Exercise directions
Go through the listing below and write out exactly the lines from the one that mentions "new 2026 Toyota" through the one that mentions "BMW M5 xDrive Touring-image-1", minus the pictures.

Entries provided
== Segment start ==
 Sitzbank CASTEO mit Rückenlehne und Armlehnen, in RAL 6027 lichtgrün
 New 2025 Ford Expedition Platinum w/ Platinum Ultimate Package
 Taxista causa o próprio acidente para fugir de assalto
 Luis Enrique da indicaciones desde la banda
== Segment end ==
== Segment start ==
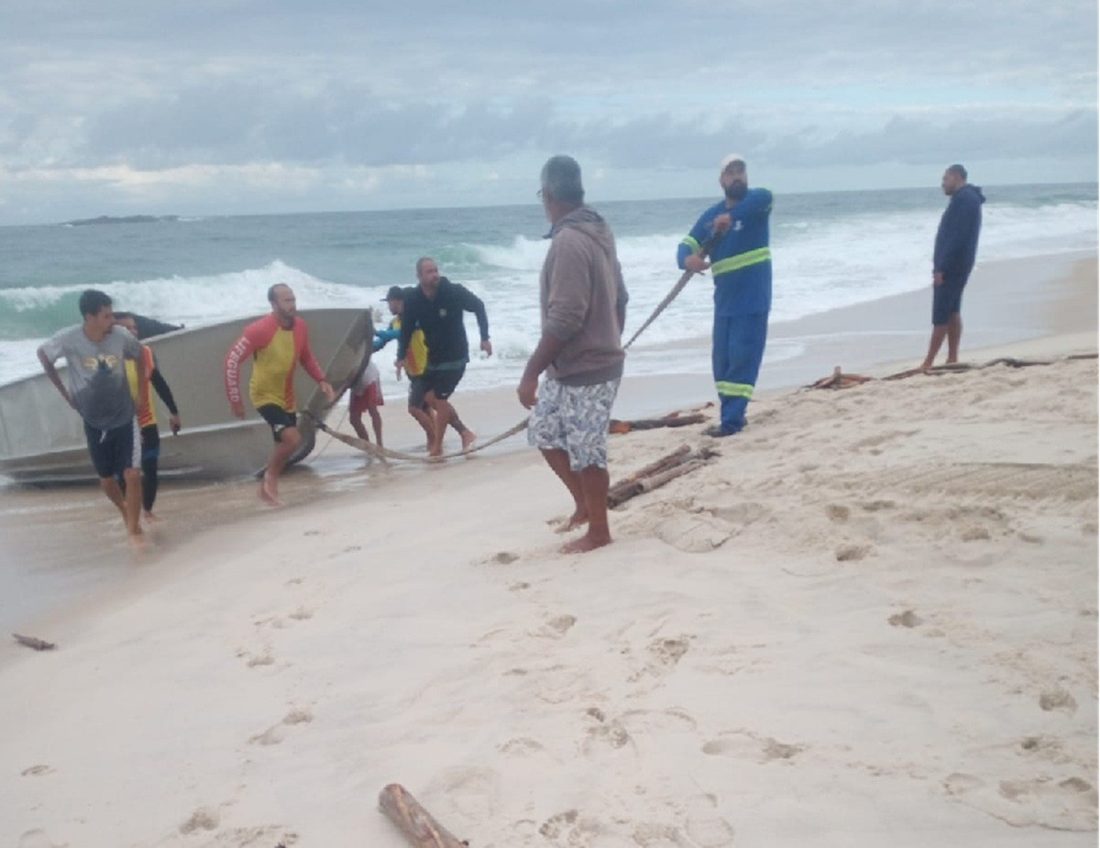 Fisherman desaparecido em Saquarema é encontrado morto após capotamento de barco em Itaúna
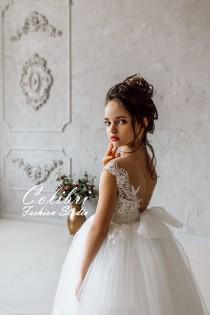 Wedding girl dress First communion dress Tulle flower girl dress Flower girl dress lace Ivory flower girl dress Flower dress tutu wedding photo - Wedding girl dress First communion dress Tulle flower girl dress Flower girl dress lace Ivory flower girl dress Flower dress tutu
== Segment end ==
== Segment start ==
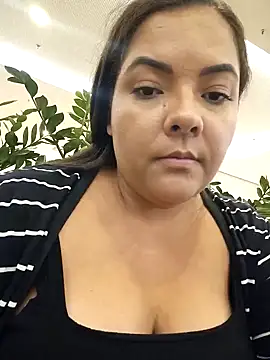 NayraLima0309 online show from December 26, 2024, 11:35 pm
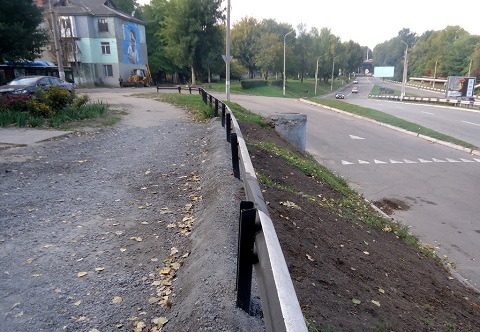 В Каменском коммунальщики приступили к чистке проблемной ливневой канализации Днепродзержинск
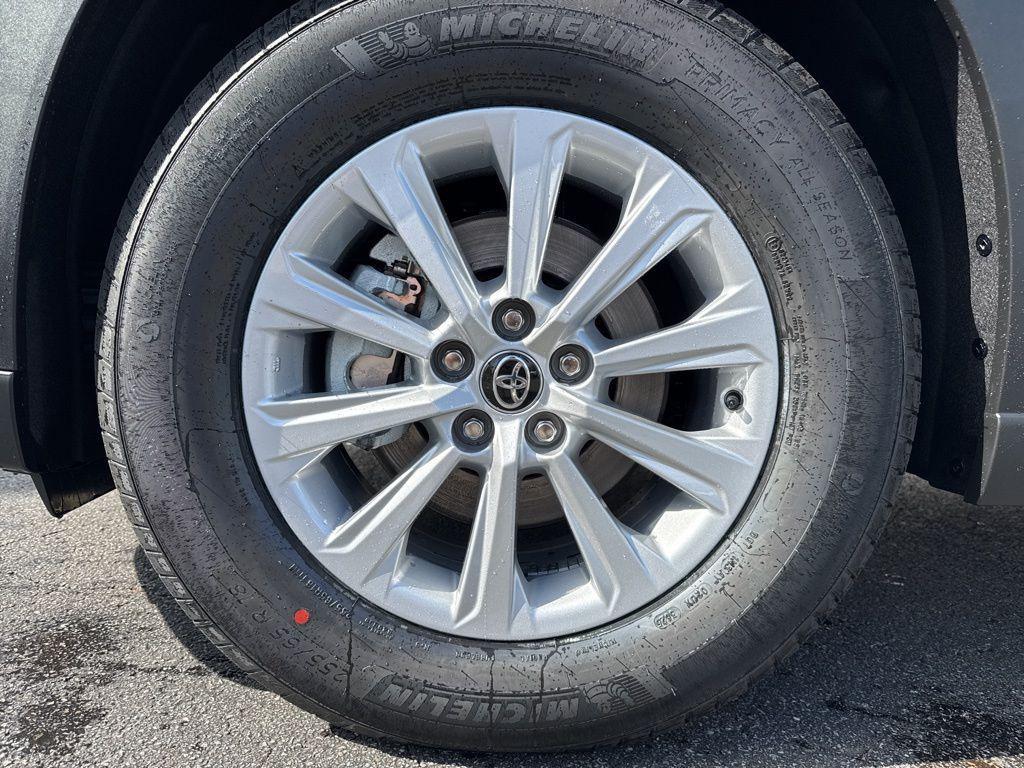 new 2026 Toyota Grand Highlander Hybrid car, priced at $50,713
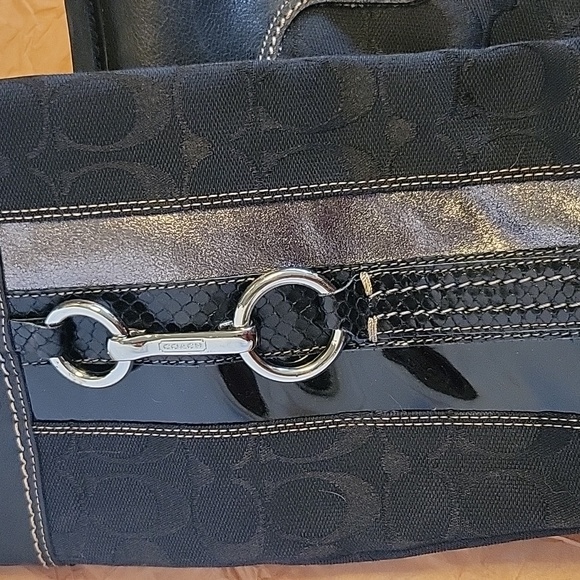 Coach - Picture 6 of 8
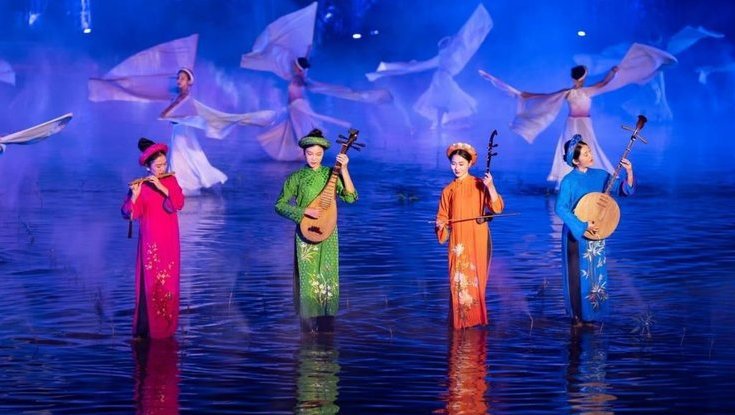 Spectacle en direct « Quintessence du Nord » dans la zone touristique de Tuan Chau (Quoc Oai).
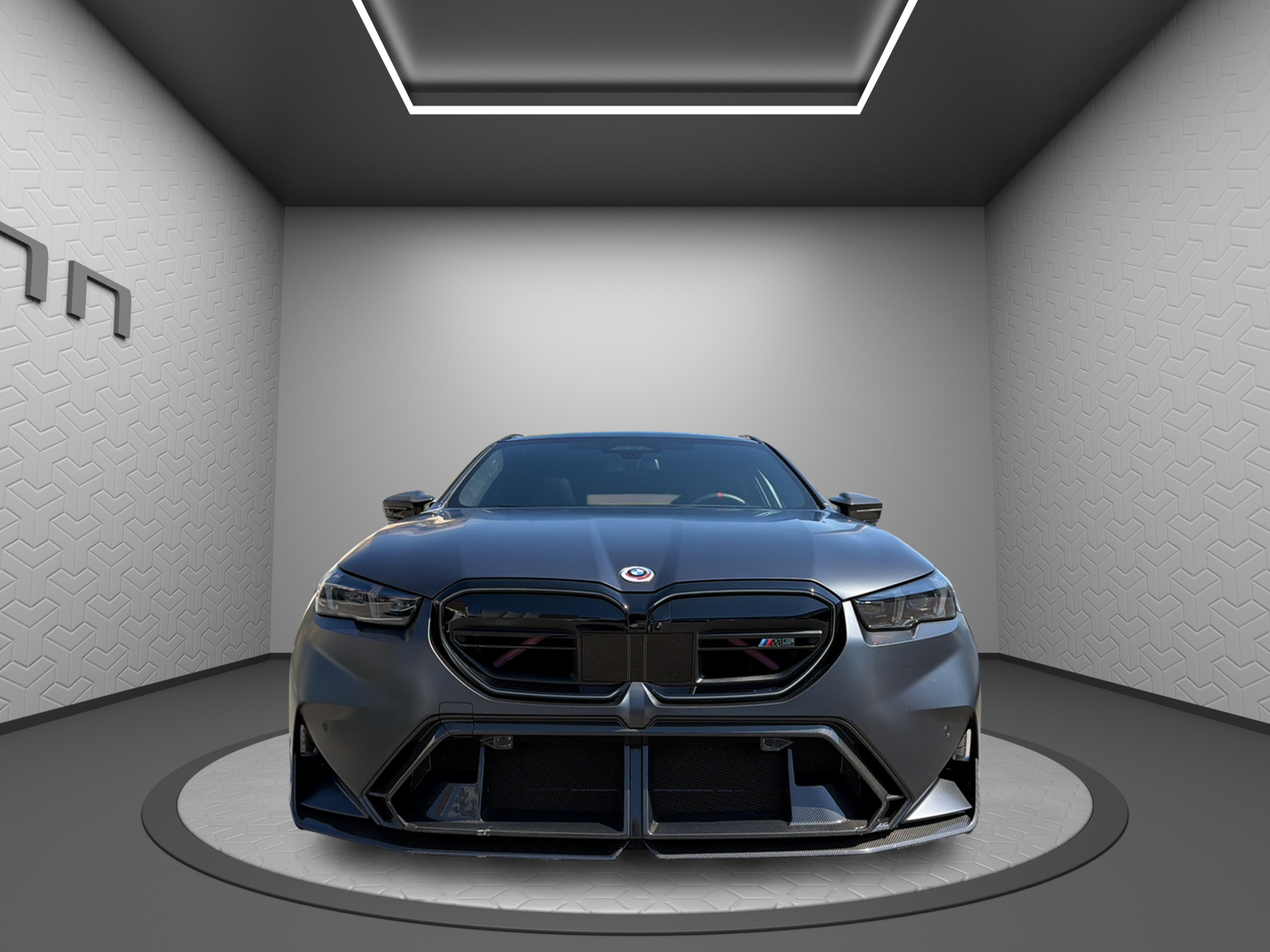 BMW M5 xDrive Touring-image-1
== Segment end ==
Worked solution
 new 2026 Toyota Grand Highlander Hybrid car, priced at $50,713
 Coach - Picture 6 of 8
 Spectacle en direct « Quintessence du Nord » dans la zone touristique de Tuan Chau (Quoc Oai).
 BMW M5 xDrive Touring-image-1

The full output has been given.